Historiquement, Tarcila Rivera n’a pas le sentiment que le mouvement indigène péruvien n’ait jamais reçu le soutien attendu des autorités du pays. Le seul à avoir “levé la tête” aura été, selon elle, le général Juan Velasco Alvarado, pour avoir entrepris une réforme agraire et valorisé le quechua sous son régime autoritaire, de 1968 à 1975. La présidente de Chirapaq voit avantage à “lutter au niveau international” en rappelant d’importantes avancées comme la mise en place du Forum permanent pour les questions indigènes aux Nations Unies, la Déclaration de l’Onu sur les droits des peuples indigènes, la Conférence mondiale de lutte contre le racisme et la discrimination raciale, ainsi que la Convention n°169 de l’Organisation internationale du travail (OIT) relative aux peuples indigènes et tribaux, dont les articles 6 et 7 consacrent le “droit à la consultation”.

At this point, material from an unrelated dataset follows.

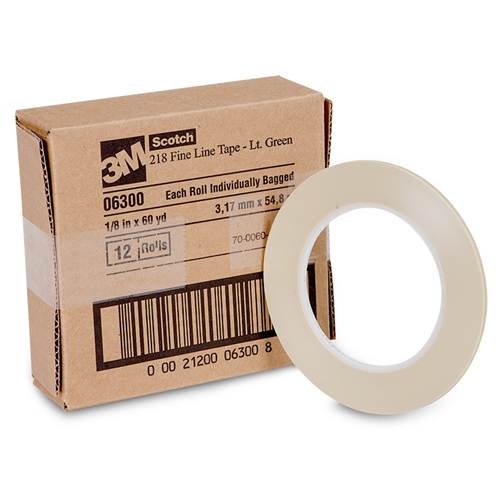 Line Tape Fine Scotc Tools & Equipment - H 1/8" X 60yds 1ea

Lucide, Tarcila Rivera estime que l’Etat péruvien a moins cédé sous la pression de ses propres citoyens que sous la contrainte des textes internationaux qu’il a ratifiés. Elle reconnaît en même temps la difficulté des indigènes à s’accorder entre eux sur leur identité et leurs droits. Certains parlent de “race”, considérant la peau “cuivrée” des indigènes boliviens comme un signe de “pureté”. Pour Chirapaq, l’identité indigène “n’est pas une question de couleur mais de culture”.
Dans cette perspective, il s’agit de défendre les arts, les savoirs, les langues et les valeurs transmises par les anciens. Le patrimoine culturel génère malgré tout des interrogations identitaires, à l’heure où de nombreux indigènes naissent et vivent en dehors des communautés rurales traditionnelles. L’identité indigène des jeunes générations, celles des villes et de la globalisation, dépend moins de la transmission des traditions que d’un état de conscience: de jeunes indigènes s’auto définissent comme tels parce qu’ils valorisent cette partie de leur identité. La revendication d’émancipation des femmes portée par Chirapaq s’est, quant à elle, heurtée à des conservatismes au sein même du mouvement indigène, certains tenant le féminisme pour une idée occidentale.
La préoccupation péruvienne pour les indigènes est née de la compassion d’intellectuels et d’artistes péruviens de la première moitié du XXe siècle. Plus tard, les guérillas du Sentier lumineux (maoïste) et du Mouvement Tupac Amaru (guévariste) ont tenté d’instrumentaliser ces populations pour légitimer la violence. C’est pourquoi Tarcila Rivera tient à ce que les indigènes défendent eux-mêmes leurs droits et refuse que quiconque prétende faire leur bonheur à leur place. Malgré des clivages internes. Malgré le soutien nécessaire de réseaux internationaux. “D’où venons-nous et où allons-nous ?”, Tarcila Rivera pose la question aux siens.